On Apr 27, 3:18 pm, davidy removed_email_address@domain.invalid wrote:

SELECT * FROM F WHERE S_ID IN (S.ids from first query) [same query
twice]
SELECT * FROM P WHERE ID IN (ids from second query)

At this point all the required data has been retrieved and Rails is
looking good. Time to quit. However:
SELECT * FROM P WHERE ID = first id from second query
SELECT * FROM P WHERE ID = second id from second query
… [typically about 50-200 queries, one query per P.ID]

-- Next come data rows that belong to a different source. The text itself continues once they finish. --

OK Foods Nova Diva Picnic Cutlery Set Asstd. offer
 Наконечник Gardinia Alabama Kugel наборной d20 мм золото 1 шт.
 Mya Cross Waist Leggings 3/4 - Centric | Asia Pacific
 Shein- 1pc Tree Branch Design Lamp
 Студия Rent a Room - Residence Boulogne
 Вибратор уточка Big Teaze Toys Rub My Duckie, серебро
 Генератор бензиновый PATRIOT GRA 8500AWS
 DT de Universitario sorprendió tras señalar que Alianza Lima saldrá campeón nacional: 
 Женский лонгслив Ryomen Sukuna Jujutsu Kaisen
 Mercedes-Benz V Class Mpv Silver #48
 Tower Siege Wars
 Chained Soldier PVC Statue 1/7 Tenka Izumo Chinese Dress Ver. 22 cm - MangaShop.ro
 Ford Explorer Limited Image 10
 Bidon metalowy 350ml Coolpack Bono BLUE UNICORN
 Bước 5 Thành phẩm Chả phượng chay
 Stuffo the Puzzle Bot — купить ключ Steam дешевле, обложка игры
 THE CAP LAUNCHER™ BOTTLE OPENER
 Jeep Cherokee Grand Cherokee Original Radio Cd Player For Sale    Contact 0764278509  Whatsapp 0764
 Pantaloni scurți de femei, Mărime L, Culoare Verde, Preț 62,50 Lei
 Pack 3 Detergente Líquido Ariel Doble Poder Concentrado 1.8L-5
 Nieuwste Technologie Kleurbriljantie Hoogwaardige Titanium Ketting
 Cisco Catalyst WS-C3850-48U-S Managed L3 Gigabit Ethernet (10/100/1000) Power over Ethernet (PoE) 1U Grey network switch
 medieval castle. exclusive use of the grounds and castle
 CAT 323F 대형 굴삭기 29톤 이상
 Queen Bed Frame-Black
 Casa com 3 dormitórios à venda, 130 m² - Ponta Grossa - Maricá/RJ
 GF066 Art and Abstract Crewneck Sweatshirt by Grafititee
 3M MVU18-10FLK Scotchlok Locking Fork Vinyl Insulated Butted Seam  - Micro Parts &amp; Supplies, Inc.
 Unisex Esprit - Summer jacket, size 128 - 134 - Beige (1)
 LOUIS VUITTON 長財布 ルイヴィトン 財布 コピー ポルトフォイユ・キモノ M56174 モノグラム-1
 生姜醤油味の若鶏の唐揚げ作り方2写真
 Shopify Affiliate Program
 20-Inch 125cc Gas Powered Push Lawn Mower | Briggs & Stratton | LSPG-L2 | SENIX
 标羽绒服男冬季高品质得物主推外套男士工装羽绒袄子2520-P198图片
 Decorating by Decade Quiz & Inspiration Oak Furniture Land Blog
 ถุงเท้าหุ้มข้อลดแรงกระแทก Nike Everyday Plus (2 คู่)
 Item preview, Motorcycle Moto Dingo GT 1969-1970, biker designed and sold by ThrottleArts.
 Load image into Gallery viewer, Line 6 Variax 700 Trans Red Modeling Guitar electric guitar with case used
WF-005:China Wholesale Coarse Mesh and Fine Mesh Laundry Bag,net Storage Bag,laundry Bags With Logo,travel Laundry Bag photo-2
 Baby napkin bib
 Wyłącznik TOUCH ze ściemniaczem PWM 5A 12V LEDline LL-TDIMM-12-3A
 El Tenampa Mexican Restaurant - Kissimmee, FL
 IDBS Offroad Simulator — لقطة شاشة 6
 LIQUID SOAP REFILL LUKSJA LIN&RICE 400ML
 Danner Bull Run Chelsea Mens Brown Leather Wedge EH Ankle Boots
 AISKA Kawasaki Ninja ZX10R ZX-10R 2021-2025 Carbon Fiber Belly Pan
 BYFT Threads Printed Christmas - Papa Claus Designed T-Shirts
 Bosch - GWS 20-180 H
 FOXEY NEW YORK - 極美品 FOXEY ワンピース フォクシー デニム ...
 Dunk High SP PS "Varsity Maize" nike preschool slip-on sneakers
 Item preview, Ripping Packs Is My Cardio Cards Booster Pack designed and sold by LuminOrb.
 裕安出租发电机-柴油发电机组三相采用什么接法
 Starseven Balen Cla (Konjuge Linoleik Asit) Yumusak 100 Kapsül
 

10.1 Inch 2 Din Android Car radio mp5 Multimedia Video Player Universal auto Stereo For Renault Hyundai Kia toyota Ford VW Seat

That’s odd. is that from your eager loading or from your subsequent
use of the data ( also anonymising the table names to S, F, P makes it
rather hard to read than if there were meaningful names) (in
particular eager loading is unidirectional - if person has_many posts,
then Person.find(:all, :include => :posts) doesn’t eager load
post.person

Fred


#3

All SQL queries are generated by that one, single find() call. This is
really scary – there is nothing in the documentation to suggest that
it can do this kind of “fake join”, or the performance impact it can
have.

Sorry about the anonymisation, but the real table names would only
confuse things worse.

I suspect this is a bug/feature of Rails eager loading, caused by the
“triangular” relationships. S loads F using has_many, then F loads P
using belongs_to, then S loads P again using has_many through. It
“should” be smart enough not to, but that logic isn’t in there. The
documentation is absolutely no help, and the source code is way too
complicated for this bear.

Q3 is the answer. I fixed the problem (with dramatic performance
improvement) using :include {hash}, like so.
S.find_all_by_key([array of keys], :include => {:F => :P})

Magic!